Try it. Word for word, set down the lines from the one that holds "Mascot folha de" through the final line of the listing below, and exclude every picture.

Provided material.
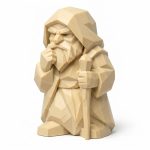 Wood Carved-Like Wisdom Figurine in White Oak Finish - Unique Desk Decor for Adults - 3D Printed in Canada (White Oak)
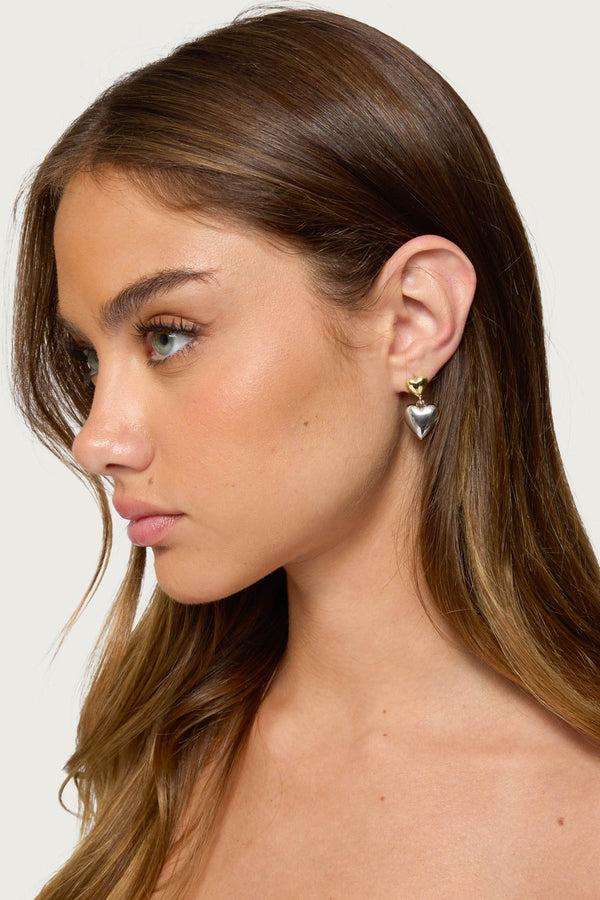 Edikted Heart Charm Earrings Mix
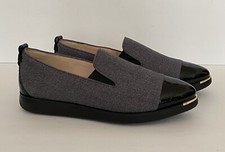 Cole Haan Women's Grand Ambition Loafer Size 8B Gray Textile Patent Leather Gold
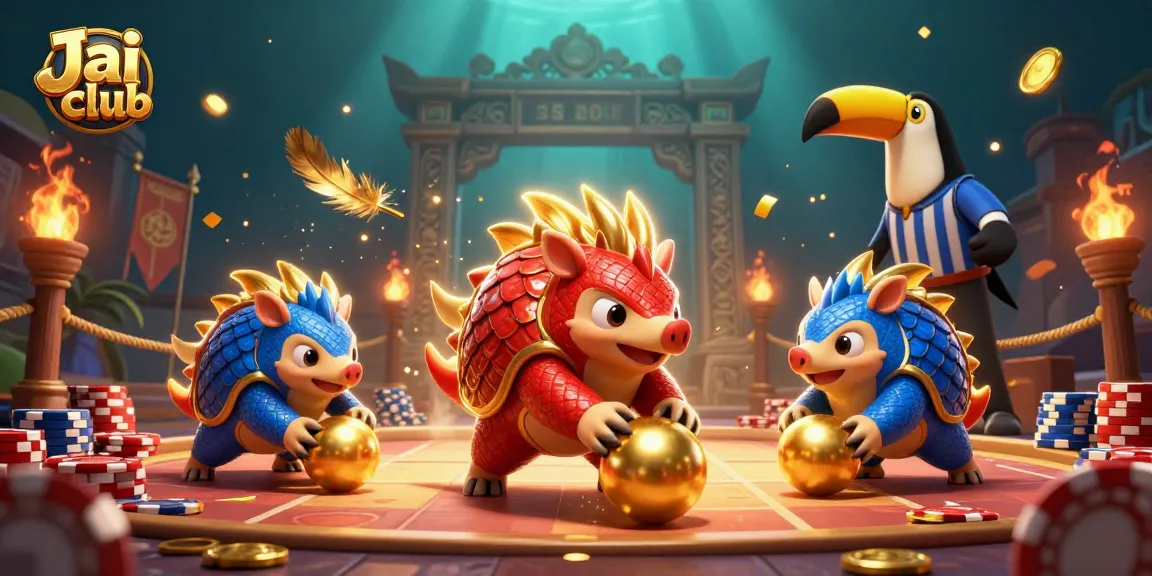 Engage in thrilling Jai club gameplay as rival pangolins roll towards golden balls amidst betting tokens.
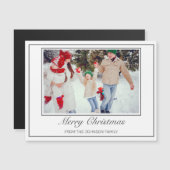 Foto Moderne Minimalistisch frohe Weihnachtsgrüße Magnetkarte (Vorne/Hinten)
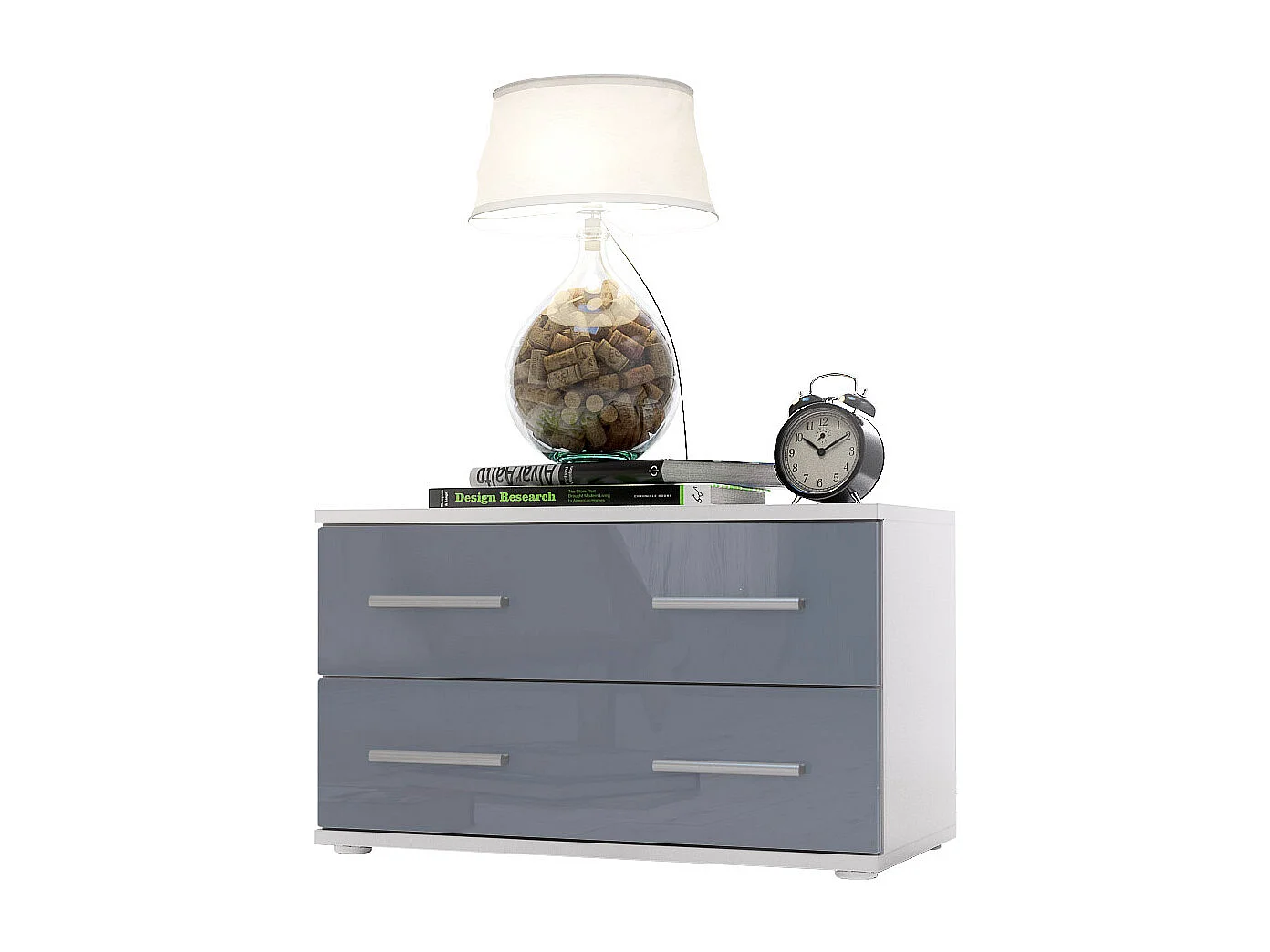 Mesa de noche Kioto, Cuerpo en Blanco mate / Frontal en Color Gris alto brillo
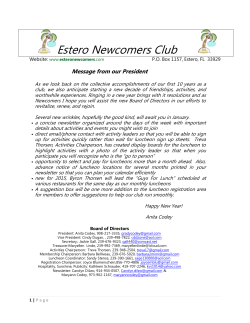 newsletter & calendar - the Estero Newcomers Club
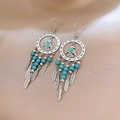 Bohemian silver bird earrings with turquoise beads and feather tassel detail - Alloy/Acrylic/925 Silver Pin / Ear Hook Style - Silver - Blue-green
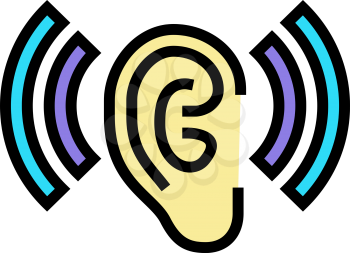 listening and hearing noise color icon vector. listening and hearing noise sign. isolated symbol illustration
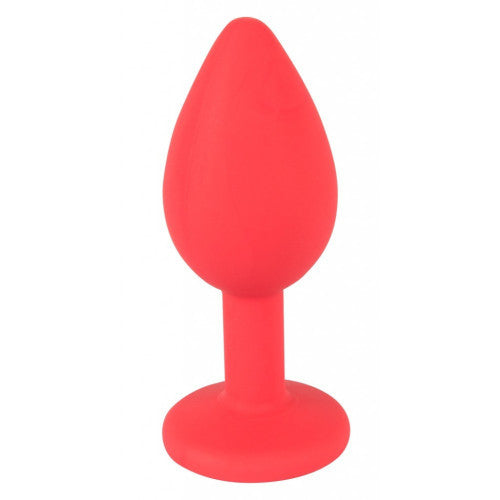 Small Red Silicone butt plug with Red Jewel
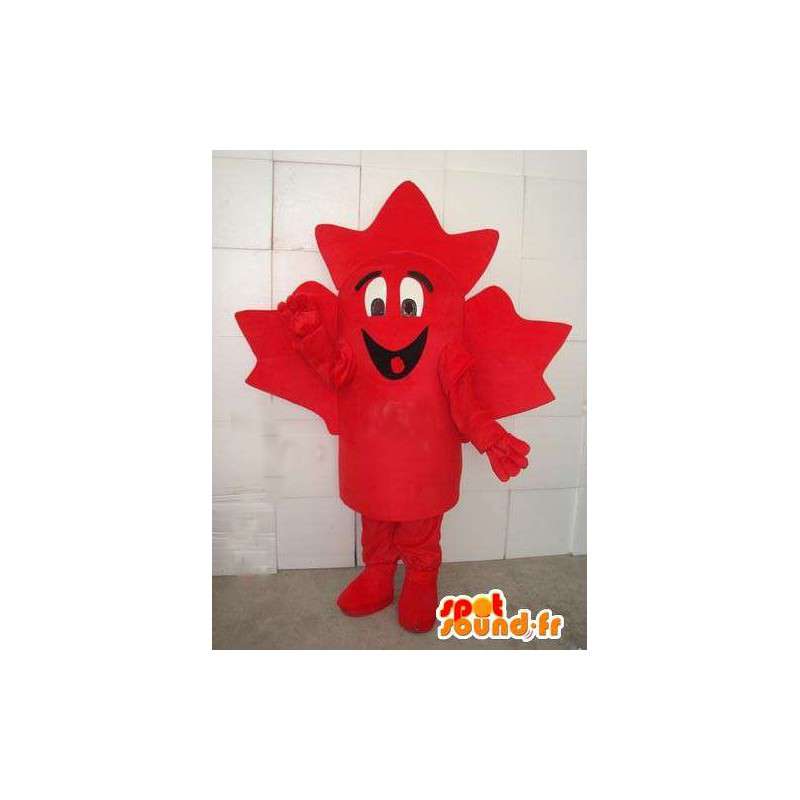 Mascot folha de bordo vermelha canadense. Costume floresta - MASFR00659 - plantas mascotes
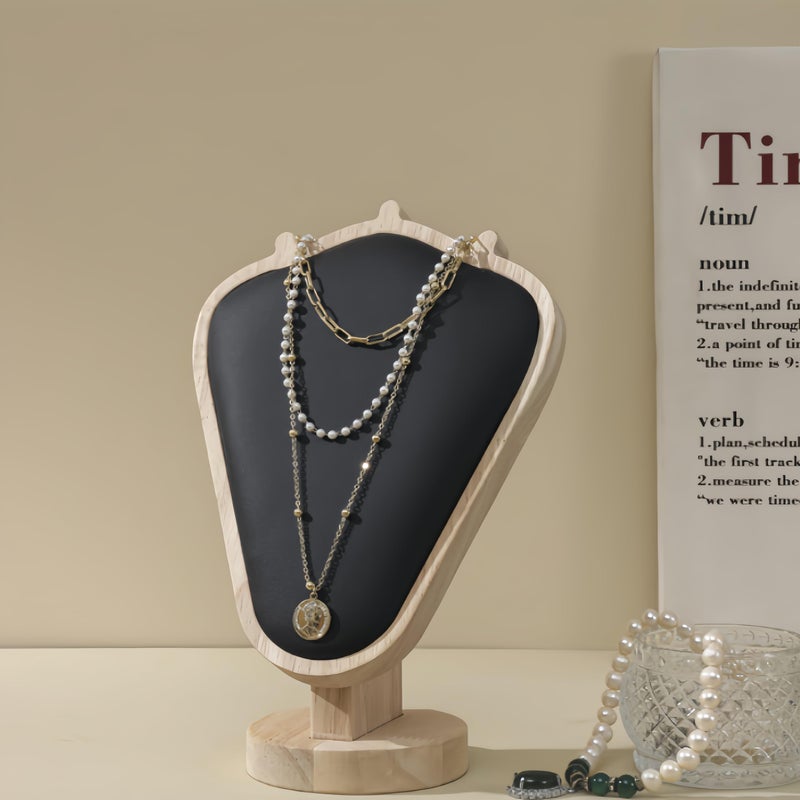 SWTOOL Natural Body Wood Necklace Display Stand with Beige Flannelette Soft Mat Necklace Holder Organizer Desktop Stand for Home Store Dresser-3.3"x5.8"x8.4" - Image 3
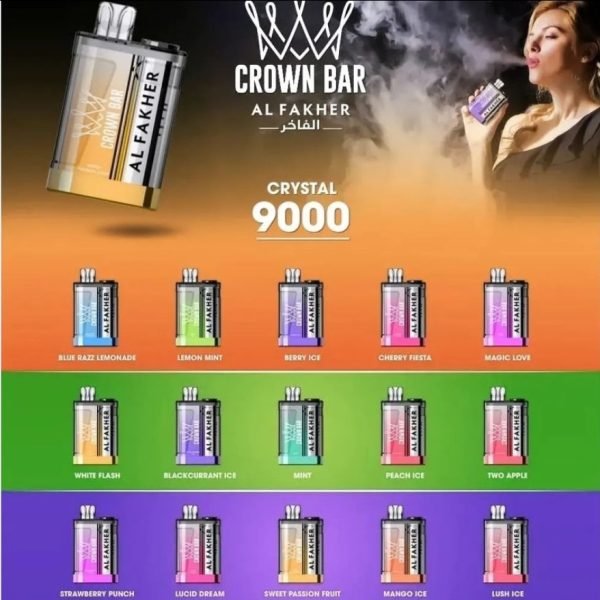 Al Fakher Crown Bar Crystal 9000 Puffs 20mg Disposable Vape Best In UAE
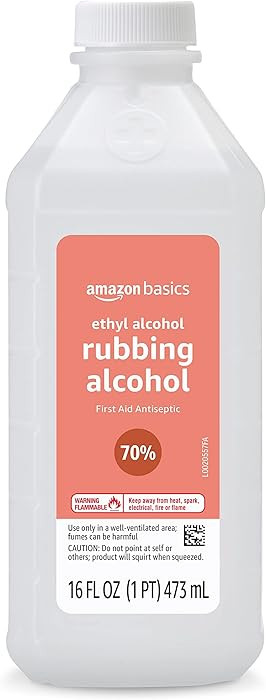 Amazon Basics 70% Ethyl Rubbing Alcohol First Aid Antiseptic for Cuts, Scrapes and Burns, Unscent... | Amazon (US)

Result of the task.
 Mascot folha de bordo vermelha canadense. Costume floresta - MASFR00659 - plantas mascotes
 SWTOOL Natural Body Wood Necklace Display Stand with Beige Flannelette Soft Mat Necklace Holder Organizer Desktop Stand for Home Store Dresser-3.3"x5.8"x8.4" - Image 3
 Al Fakher Crown Bar Crystal 9000 Puffs 20mg Disposable Vape Best In UAE
 Amazon Basics 70% Ethyl Rubbing Alcohol First Aid Antiseptic for Cuts, Scrapes and Burns, Unscent... | Amazon (US)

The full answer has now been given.